Auch Staatsschutzchefin Procuzek ist trotz massiver Kritik aus dem Amri-Ausschuss aufgestiegen. Sie wurde Leiterin der Direktion 1 in Pankow, Reinickendorf und Teilen von Mitte. Ihr Vize im Staatsschutz wurde Stellvertreter des Antisemitismusbeauftragten der Polizei. Sie alle wissen auch davon, dass das Bundeskriminalamt (BKA) im Herbst 2016 Hinweise des marokkanischen Inlandsgeheimdienstes DST zu Amri und einem weiteren Islamisten nicht vollständig an das LKA Berlin weitergeleitet hat. Diese hätten den Ermittlern in Berlin nach eigener Einschätzung neue Anhaltspunkte geben können, um gegen Amri vorzugehen. Doch im Nachhinein wurde versucht, die Panne zu verschleiern. Zwar machten die Ermittler die Chefs im Februar 2017 darauf aufmerksam. Sie sollten für den Innenausschuss des Bundestages alle Erkenntnisse zusammentragen, dabei stießen sie auf die BKA-Panne – und wurden ausgebremst. LKA-Chef Steiof, ein Mitarbeiter seines Stabes, die Leiterin des Staatsschutzes, ihr Vize, Dezernatsleiter Bédé – alle waren eingebunden.

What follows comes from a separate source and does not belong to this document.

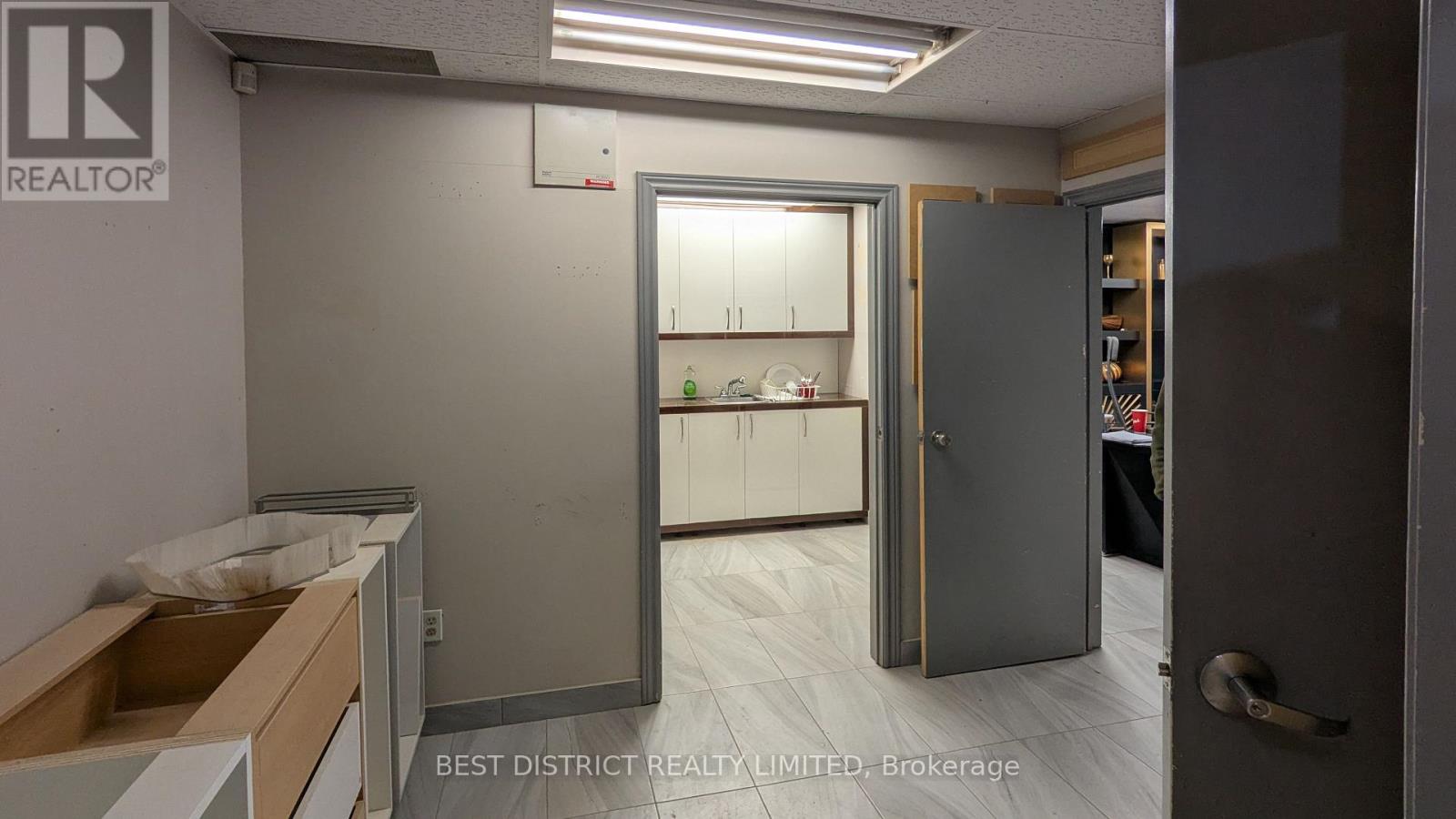 6 - 50 Ritin Lane, Vaughan, Ontario  L4K 4W6 - Photo 7 - N12987718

Lars O. hat das alles hinter sich gelassen, fast. Im Februar berichtete sein Anwalt vor dem Verwaltungsrichter, O. sei von Vorgesetzten beim Staatsschutz bereits klar gemacht worden, dass er versetzt werde. So ist es gekommen. O., der erfahrene Staatsschützer, soll jetzt Verkehrsunfälle aufklären.

Vorbei ist das alles noch nicht. Am Donnerstag soll er vor dem Amri-Untersuchungsausschuss des Bundestags aussagen. Erwartet werde, dass sich Lars O. auf sein Aussageverweigerungsrecht beruft, teilt der Ausschuss vorab mit. Auch vor dem Berliner Amri-Ausschuss verweigerte er die Aussage. Kürzlich erst entschied das Landgericht Berlin: Er darf die Aussage verweigern.